You keep hearing that embeddings power semantic search, RAG, and recommendations. You do not need a machine-learning background to understand them. You need one idea: turn meaning into coordinates, then use distance to measure similarity.
Start with a map
Imagine plotting cities on a grid by two numbers: how far north and how far east each one is. Now cities near each other on the map are near each other in real life. You've encoded a real-world relationship into coordinates, and "closeness on the map" now means something.
An embedding does the same thing for meaning. It takes a piece of text, whether a word, a sentence, or a paragraph, and assigns it a list of numbers (its coordinates). The trick that makes it useful: text with similar meaning gets similar coordinates. "How do I reset my password?" and "I forgot my login credentials" land near each other, even though they share almost no words.
The only twist versus a city map is the number of dimensions. Instead of 2 numbers (north, east), an embedding uses hundreds or thousands; 1024 is common. You can't picture 1024 dimensions, and you don't need to. The rule is identical: close together means similar.
What a real embedding looks like
Ask an embedding model to encode a sentence and you get back something like this, a fixed-length list of numbers:
embed("How do I reset my password?")
# → [0.021, -0.114, 0.087, ..., 0.003] (1024 numbers)
Every sentence you embed with the same model produces a list of the same length. That consistency is what lets you compare any two texts: encode both, then measure how close their number-lists are.
Measuring "closeness"
The standard measure is cosine similarity. Ignore the math; the intuition is all you need:
- Score near 1.0 → the two texts mean almost the same thing.
- Score near 0 → unrelated.
- Score below 0 → roughly opposite.
So semantic search is just:
- Ahead of time, embed every document in your knowledge base and store the numbers.
- When a user searches, embed their query.
- Return the documents whose numbers are closest to the query's numbers.
That's it. No keyword matching. The user can phrase the question however they like, in whatever words, and still find the right document, because you're comparing meaning, not spelling.
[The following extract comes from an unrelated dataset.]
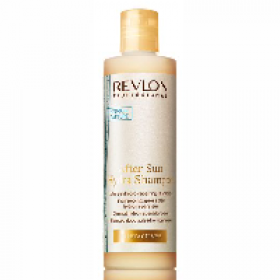 REVLON Увлажняющий защитный спрей для волос РЕВЛОН Sun Care Hydra Screen 250 мл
Why this beats keyword search
Traditional search matches words. If your document says "vehicle" and the user searches "car," keyword search returns nothing. Embeddings don't care about the exact words; "car" and "vehicle" sit right next to each other in coordinate space, so the match happens naturally.
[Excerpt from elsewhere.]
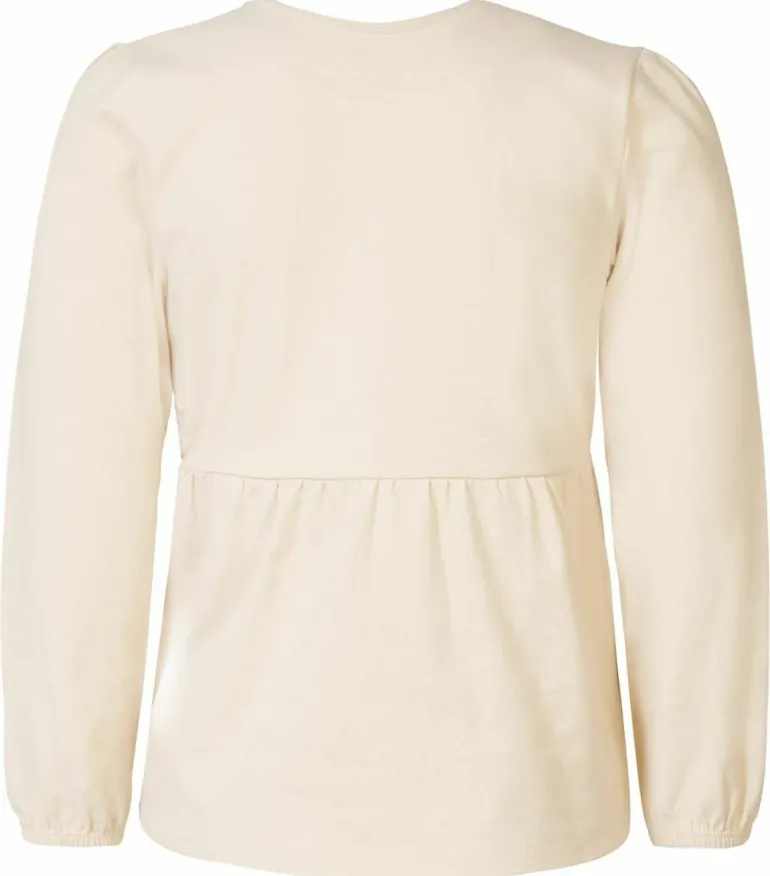 longsleeve_amory__sandshe_3.webp Noppies Shirts<Longsleeve Amory - Sandshell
This is why embeddings handle:
- Synonyms: "slow" finds "high latency"
- Paraphrasing: "how much does it cost" finds "pricing details"
- Typos and phrasing: "nearist neighbor" still lands close to "nearest neighbour"
Where embeddings fall short
Being honest about the weaknesses saves you a lot of debugging later. Because embeddings compress meaning, they blur precision:
- Exact identifiers: an error code like
E_CONN_TIMEOUTor a specific SKU can get lumped in with vaguely similar strings. - Negation: "safe for pregnancy" and "not safe for pregnancy" look deceptively close.
- Rare proper nouns: uncommon names get pulled toward more common neighbours.
This is exactly why production systems pair embeddings with old-fashioned keyword search (BM25) in a hybrid approach: embeddings catch meaning, keyword search catches the exact tokens embeddings smear over.
The one decision that matters
You don't train embeddings yourself; you call a model that already knows how to produce them. Your one real choice is which model, and it comes down to three trade-offs:
- Quality: how well it separates related from unrelated text on your kind of content.
- Dimensions: more numbers per embedding can mean more nuance, but more storage and slower search.
- Cost and latency: you'll embed every document once and every query forever, so this adds up.
Pick a well-regarded general-purpose model to start. You can always re-embed later if your content is specialised.
The whole idea in one sentence
An embedding turns text into coordinates so that similar meanings end up close together. Once meaning is just distance, search becomes measuring how near two things are. Everything else in semantic search is an optimisation on top of that one idea.